A Cautela do Copom Diante da Instabilidade Global
As incertezas geradas pelos conflitos geopolíticos no Oriente Médio e as projeções de uma inflação elevada por um período prolongado levaram o Comitê de Política Monetária (Copom) do Banco Central (BC) a decidir por uma redução moderada da taxa Selic. Essa decisão, anunciada na ata da reunião da semana passada e divulgada nesta terça-feira (5), resultou em uma redução de 0,25 ponto percentual, levando a taxa para 14,5% ao ano.
O Copom não forneceu indícios claros sobre a futura trajetória dos juros, ressaltando que está atento aos desdobramentos do conflito e aos efeitos que um prolongamento dele pode ter sobre a inflação. O Banco Central argumentou que a situação nos Estados Unidos, marcada por incertezas econômicas, também contribuiu para essa postura cautelosa.
A ata do Copom enfatizou a importância da serenidade e cautela na condução da política monetária, permitindo que as próximas decisões sobre a taxa básica de juros sejam ajustadas conforme novas informações que possam delinear a profundidade e a duração dos conflitos no Oriente Médio, assim como seus impactos diretos e indiretos nos preços ao longo do tempo.
Impactos da Geopolítica na Economia Global
O colegiado expressou preocupação com os possíveis efeitos duradouros nas cadeias de produção e distribuição, além das consequências de segunda ordem que podem surgir caso haja restrições na oferta de petróleo e seus derivados. O embate entre Estados Unidos e Irã, por exemplo, está afetando a navegação no Estreito de Ormuz, uma das rotas mais importantes, que já foi responsável por até 20% do petróleo global e uma parte significativa da produção de fertilizantes.
Essa conjuntura exige cautela, especialmente para países emergentes, que operam em um ambiente caracterizado por alta volatilidade dos preços de ativos e commodities.
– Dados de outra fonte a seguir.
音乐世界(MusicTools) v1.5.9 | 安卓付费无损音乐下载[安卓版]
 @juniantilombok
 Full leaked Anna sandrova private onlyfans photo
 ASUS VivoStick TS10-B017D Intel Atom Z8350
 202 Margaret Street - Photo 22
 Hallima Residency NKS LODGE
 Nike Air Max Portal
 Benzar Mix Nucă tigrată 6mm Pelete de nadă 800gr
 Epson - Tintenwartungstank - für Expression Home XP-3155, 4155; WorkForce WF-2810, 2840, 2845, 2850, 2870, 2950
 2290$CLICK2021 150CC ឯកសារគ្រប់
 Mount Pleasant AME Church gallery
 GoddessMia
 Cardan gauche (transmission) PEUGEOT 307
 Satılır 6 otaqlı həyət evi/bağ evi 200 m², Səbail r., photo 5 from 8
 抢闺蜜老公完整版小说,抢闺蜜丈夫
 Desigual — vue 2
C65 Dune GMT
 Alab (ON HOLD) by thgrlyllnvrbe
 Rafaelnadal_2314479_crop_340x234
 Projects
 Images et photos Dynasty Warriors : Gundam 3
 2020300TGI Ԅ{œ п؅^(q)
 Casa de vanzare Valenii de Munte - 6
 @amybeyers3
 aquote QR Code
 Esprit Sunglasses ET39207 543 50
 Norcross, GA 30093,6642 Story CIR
O Banco Central destacou que, antes da intensificação do conflito, a expectativa era de uma queda mais acentuada na Selic, mas agora há um alerta sobre uma possível “desancoragem adicional” das expectativas inflacionárias para o futuro, especialmente em relação ao ano de 2028.
Previsões de Inflação e o Desafio Monetário
Com base no último Boletim Focus, a expectativa do mercado financeiro para o Índice Nacional de Preços ao Consumidor Amplo (IPCA), que serve como referência oficial da inflação no Brasil, é de uma alta de 4,89% para este ano. Para 2027, a expectativa é de 4%, enquanto para 2028, houve um aumento nas previsões, que agora são de 3,64%.
O Banco Central alertou que o custo para trazer a inflação de volta à meta pode ser consideravelmente mais alto se as expectativas do mercado estiverem desancoradas, o que justifica a manutenção de uma abordagem restritiva em relação à Selic. O modelo de referência do BC passou a projetar um aumento de 4,6% no IPCA em 2026.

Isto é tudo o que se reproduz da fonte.